§ **WHAT YOU HAVE TO DO**
Your output should be everything below from the line containing "white umbrellas on" down to the line containing "Updated kitchen featuring", both ends included, copied exactly, with pictures left out.

§ **PROVIDED RECORDS**
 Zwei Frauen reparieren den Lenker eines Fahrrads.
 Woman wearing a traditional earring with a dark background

...

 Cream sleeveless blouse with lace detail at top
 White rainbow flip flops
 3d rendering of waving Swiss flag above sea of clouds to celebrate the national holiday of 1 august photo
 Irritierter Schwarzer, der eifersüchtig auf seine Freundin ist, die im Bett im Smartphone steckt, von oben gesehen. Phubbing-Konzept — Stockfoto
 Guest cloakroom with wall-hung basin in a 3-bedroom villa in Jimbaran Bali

==

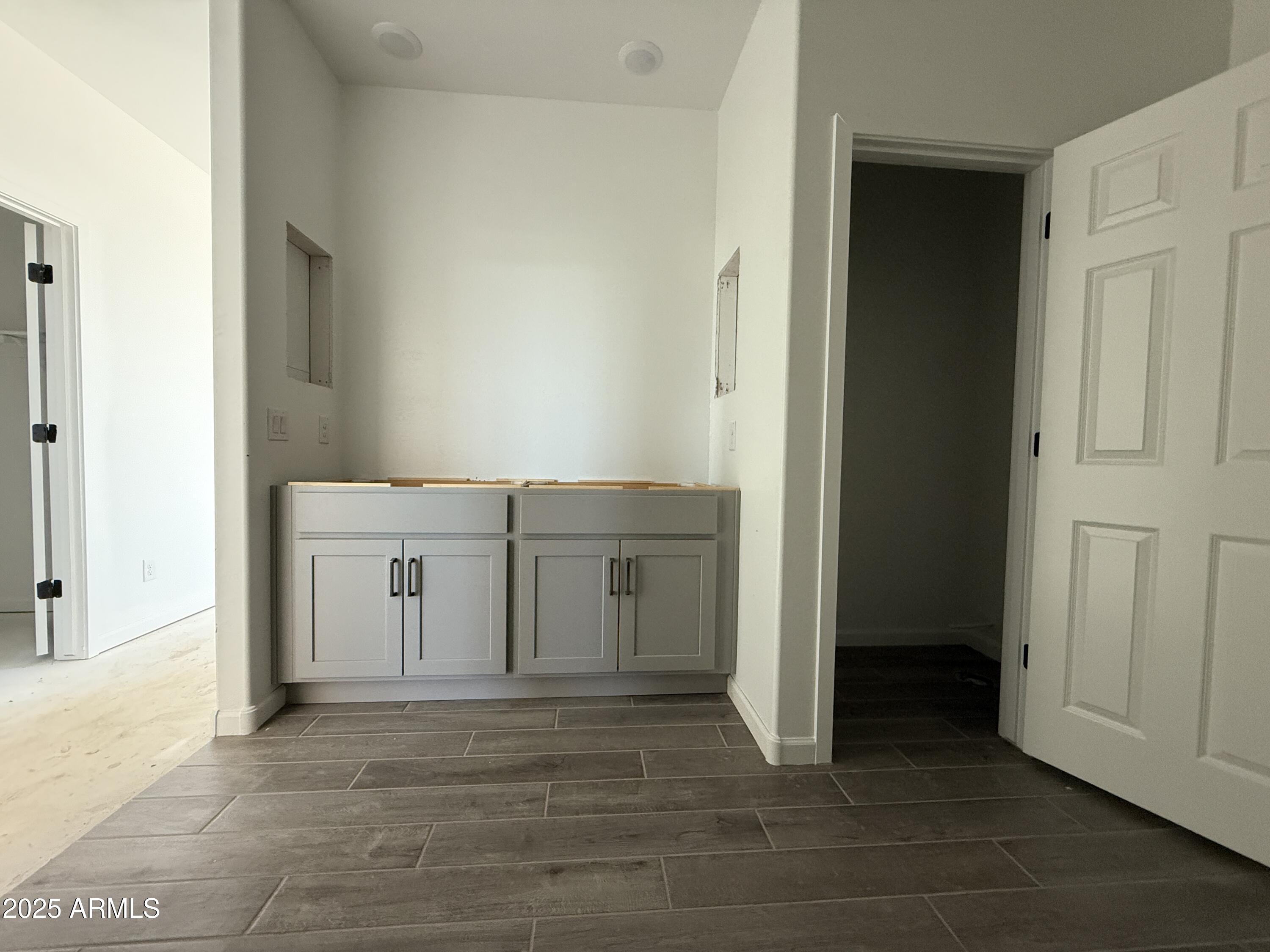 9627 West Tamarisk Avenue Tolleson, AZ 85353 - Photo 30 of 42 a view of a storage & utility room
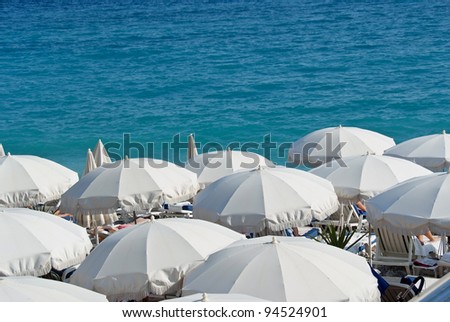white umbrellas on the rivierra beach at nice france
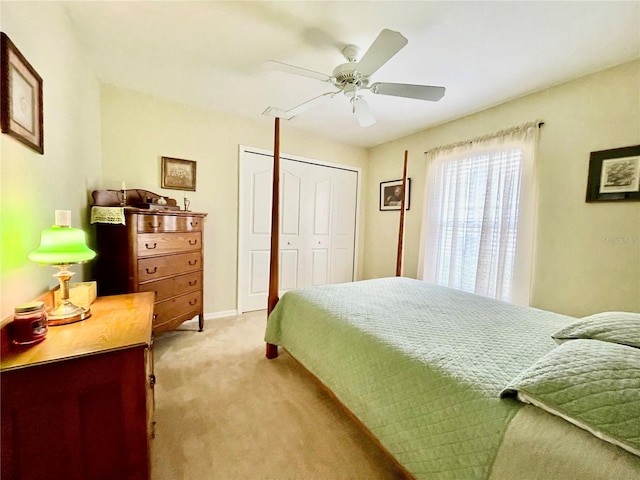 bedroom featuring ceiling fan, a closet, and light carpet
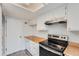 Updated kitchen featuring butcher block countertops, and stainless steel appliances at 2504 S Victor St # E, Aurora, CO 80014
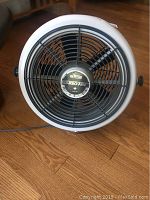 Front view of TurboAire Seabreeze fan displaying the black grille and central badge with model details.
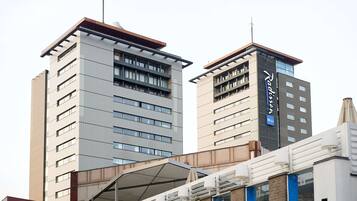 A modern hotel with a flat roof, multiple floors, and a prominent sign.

§ **OUTPUT FOR THIS TASK**
white umbrellas on the rivierra beach at nice france
 bedroom featuring ceiling fan, a closet, and light carpet
 Updated kitchen featuring butcher block countertops, and stainless steel appliances at 2504 S Victor St # E, Aurora, CO 80014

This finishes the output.